Ozona was known as "Powell Well", after land surveyor E. M. Powell, when it was founded in 1891. In 1897, it was renamed "Ozona" for the high quantity of its open air, or "ozone". A flood in 1954 killed 16 people and destroyed about half of the homes in the town.

==Demographics==

Ozona first appeared as an unincorporated community in the 1950 U.S. census; and then as a census designated place in the 1980 United States census.

Historical population
| Census | Pop. | Note | %± |
| 1950 | 2,885 |  | — |
| 1960 | 3,361 |  | 16.5% |
| 1970 | 2,864 |  | −14.8% |
| 1980 | 3,766 |  | 31.5% |
| 1990 | 3,181 |  | −15.5% |
| 2000 | 3,436 |  | 8.0% |
| 2010 | 3,225 |  | −6.1% |
| 2020 | 2,663 |  | −17.4% |
U.S. Decennial Census 1850–1900 1910 1920 1930 1940 1950 1960 1970 1980 1990 2000 2010

===2020 census===

Ozona CDP, Texas – Racial and ethnic composition Note: the US Census treats Hispanic/Latino as an ethnic category. This table excludes Latinos from the racial categories and assigns them to a separate category.
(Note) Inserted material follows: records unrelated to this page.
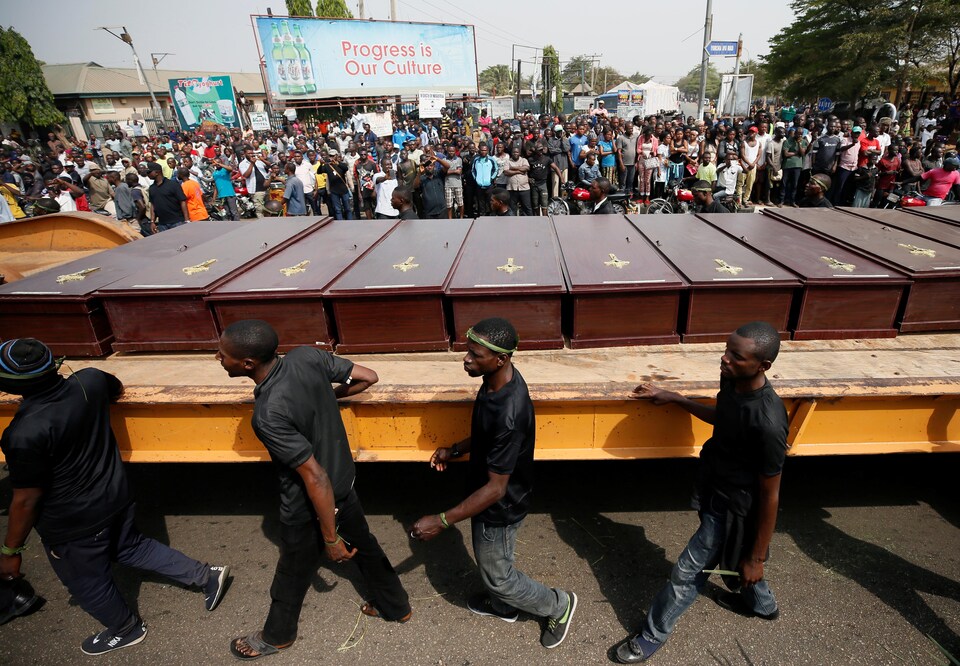 Des hommes marchent à côté de cercueils de victimes des milices peules à Makurdi, au Nigeria, le 11 janvier 2018. 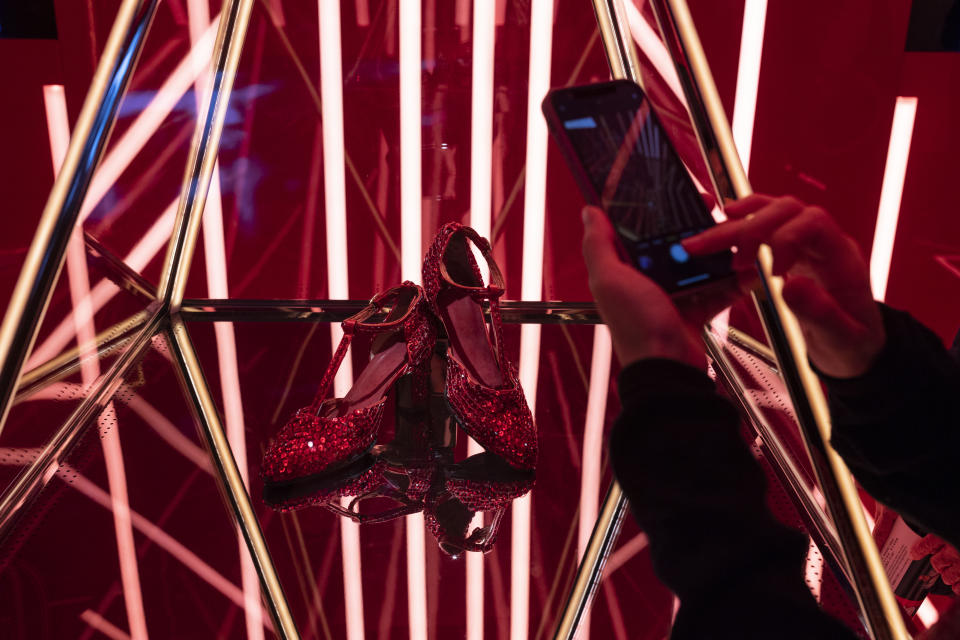 Visitors take photographs of the red high heels worn by Leslie Cheung at a concert in 1997 at an exhibition commemorating the 20th anniversary of the death of Canto-pop singer Leslie Cheung in Hong Kong, Wednesday, March 29, 2023. (AP Photo/Louise Delmotte)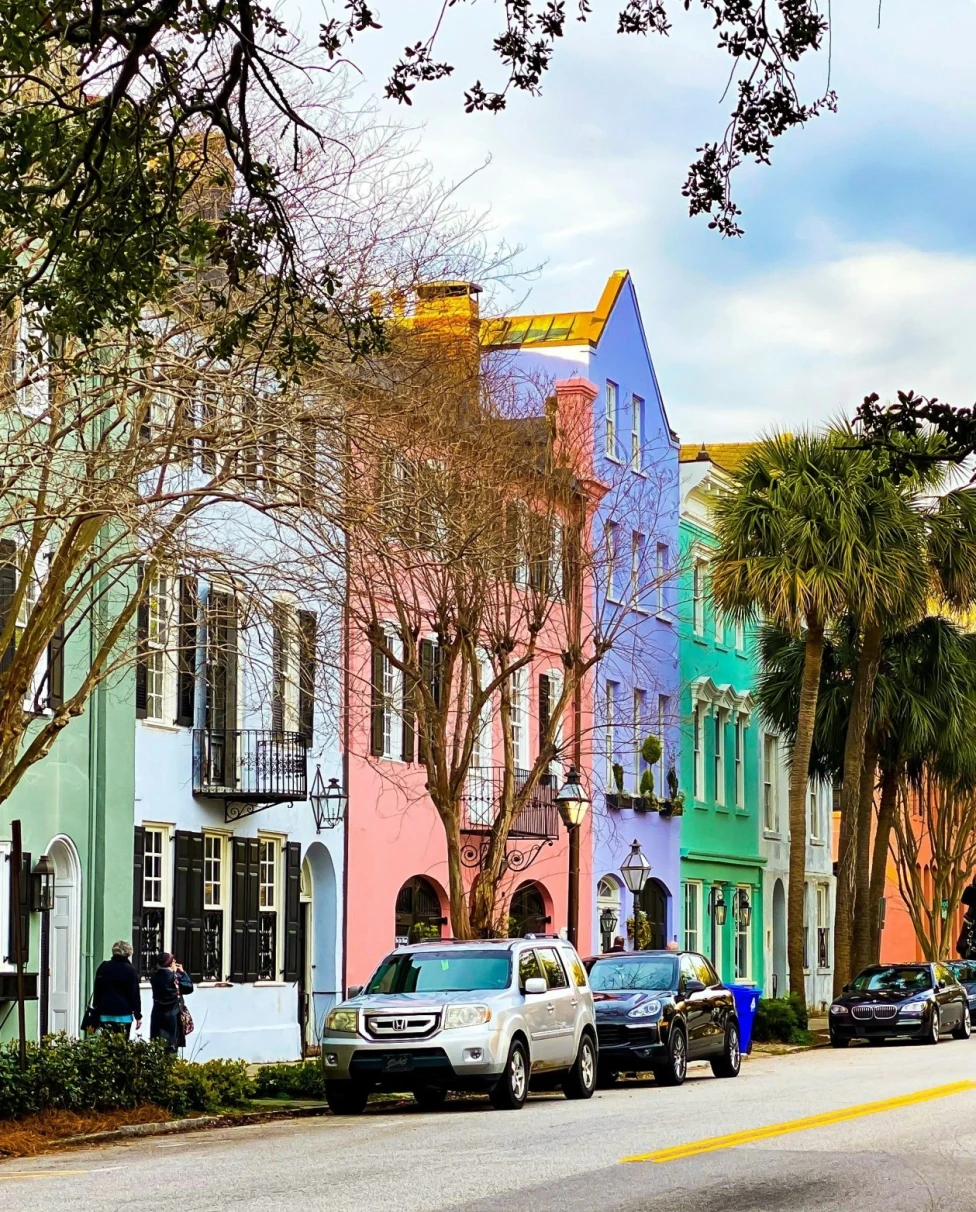 A view of colorful buildings, cars parked and trees.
Hispanics/Latinos may be of any race.
| Race / Ethnicity (NH = Non-Hispanic) | Pop 2000 | Pop 2010 | Pop 2020 | % 2000 | % 2010 | % 2020 |
|---|---|---|---|---|---|---|
| White alone (NH) | 1,313 | 979 | 788 | 38.21% | 30.36% | 29.59% |
| Black or African American alone (NH) | 18 | 10 | 15 | 0.52% | 0.31% | 0.56% |
| Native American or Alaska Native alone (NH) | 16 | 8 | 9 | 0.47% | 0.25% | 0.34% |
| Asian alone (NH) | 10 | 8 | 6 | 0.29% | 0.25% | 0.23% |
| Native Hawaiian or Pacific Islander alone (NH) | 0 | 0 | 0 | 0.00% | 0.00% | 0.00% |
| Other race alone (NH) | 0 | 3 | 7 | 0.00% | 0.09% | 0.26% |
| Mixed race or Multiracial (NH) | 13 | 16 | 36 | 0.38% | 0.50% | 1.35% |
| Hispanic or Latino (any race) | 2,066 | 2,201 | 1,802 | 60.13% | 68.25% | 67.67% |
| Total | 3,436 | 3,225 | 2,663 | 100.00% | 100.00% | 100.00% |

As of the 2020 United States census, 2,663 people, 1,214 households, and 842 families were residing in the CDP.

===2010 census===
As of the census of 2010, 3,225 people and 1,273 households were in Crockett County (of which Ozona is the only town and county seat), with 1,859 housing units. The racial makeup of Crockett County was 94.7% White, 1.7% African American, 0.8% Asian, 1.8% American Indian and Alaska Native, 0.1% Pacific Islander, and 0.9% from two or more races. Hispanics or Latinos of any race were 64.2% of the population and 33.9% were White, not Hispanic or Latino, in the county.

===2000 census===
Of the 1,255 households in 2000, 38.4% had children under 18 living with them, 58.7% were married couples living together, 10.7% had a female householder with no husband present, and 26.7% were not families. About 24.8% of all households were made up of individuals, and 12.7% had someone living alone who was 65 or older. The average household size in 2010 in Crockett County was 2.81. Females were 50.6% of the population.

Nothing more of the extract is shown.